»»

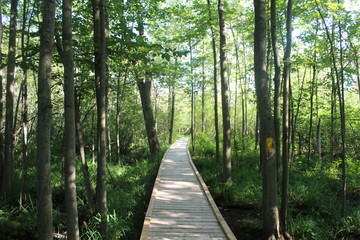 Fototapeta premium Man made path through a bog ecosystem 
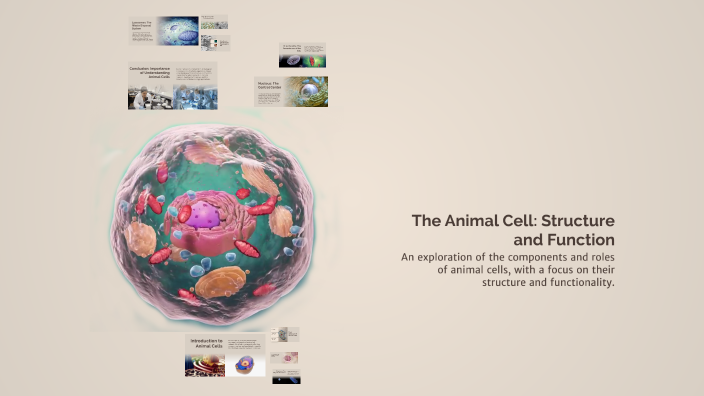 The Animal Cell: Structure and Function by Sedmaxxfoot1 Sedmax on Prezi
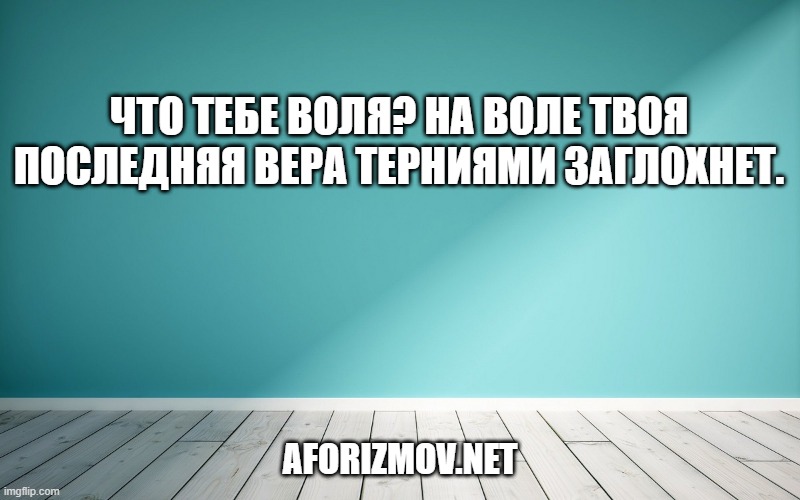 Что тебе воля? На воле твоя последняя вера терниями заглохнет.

««

| REQUIRED ACTION |
Without including any images, output the data exactly as given.

| RESPONSE TO THIS TASK |
 Fototapeta premium Man made path through a bog ecosystem 
 The Animal Cell: Structure and Function by Sedmaxxfoot1 Sedmax on Prezi
 Что тебе воля? На воле твоя последняя вера терниями заглохнет.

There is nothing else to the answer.